Manby’s father was a wealthy ironmonger and slave-owner in Jamaica with a transatlantic business but Manby was born in the English midlands where his mother’s family lived. His father died soon afterwards. As a young man he was employed in a bank in the south of England.

By 1812 he was the managing partner of the Horseley Iron and Coal Company at Tipton, near Birmingham. He may have gained capital from his mother and knowledge of the iron industry from his father’s family. The Horseley company was already about 40 years old and integrated mining, iron smelting and iron manufacture. Manby expanded it and developed an engineering works. It became well-known for making iron bridges and canal aqueducts for the engineer Thomas Telford. Manby became an early member of the Institution of Civil Engineers. He took out a patent for the established practice of casting slag into building blocks for construction.

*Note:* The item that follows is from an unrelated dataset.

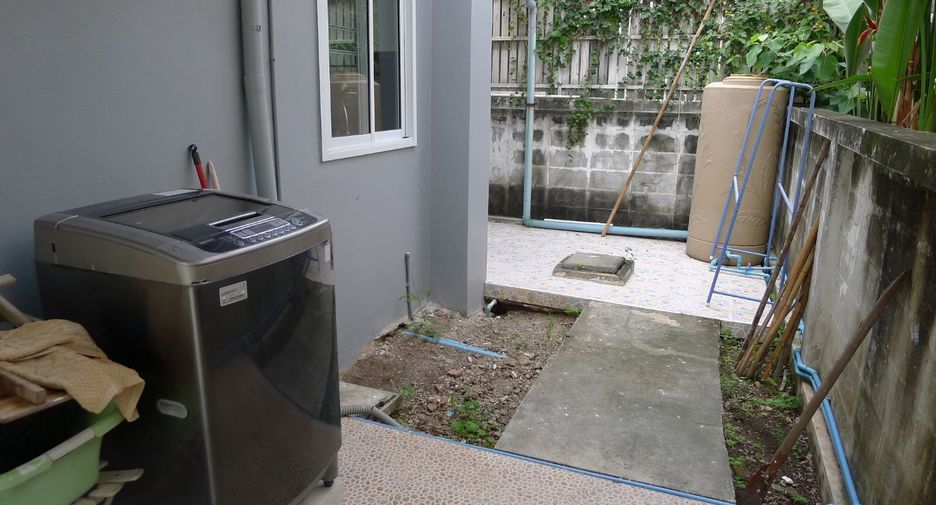 For rent 3 bedrooms house in Bang Bua Thong, Nonthaburi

The most important of Manby’s innovations at the Horseley works were concerned with the iron steamship. In 1821 the company built a 36-m long iron paddle-steamer named The Aaron Manby. This was the first iron steamship and the first iron vessel to go to sea. The design was developed by Charles Napier with Manby and his son Charles. It was built at Tipton, taken apart and carried by canal to London to be rebuilt and launched. In 1822 it crossed the English Channel and went up the River Seine to Paris. Among the ship’s innovations were its steam engines, which were of the oscillating type in which a pair of cylinders drove cranks directly. Their compact form was ideal for ships. The principle had been suggested by William Murdoch in 1785 but Manby was the first to patent it and produce oscillating engines commercially. The company made them for both iron and wooden steamships.

Manby also turned his attention from around 1819 to industrial opportunities in France. In 1822 he opened an engineering works at Charenton near Paris. By 1825 it employed 500 people. It made France independent in the manufacture of steam engines. With his works manager Daniel Wilson, Manby took out a patent in France for making gas and storing it in portable tanks. They created a company to provide the first public gas lighting in Paris. In 1826 Manby and Wilson took over the historic iron furnaces at Le Creusot and redeveloped them along with their Paris operation under the title Société Anonyme des Mines, Forges et Fonderies du Creusot et de Charenton.

The French company went bankrupt in the financial crisis of 1833. In around 1840 Manby returned to England. He sold the Horseley ironworks a few years later. His eldest son Charles continued as a highly regarded civil engineer in France and Britain. Three other sons were also civil engineers.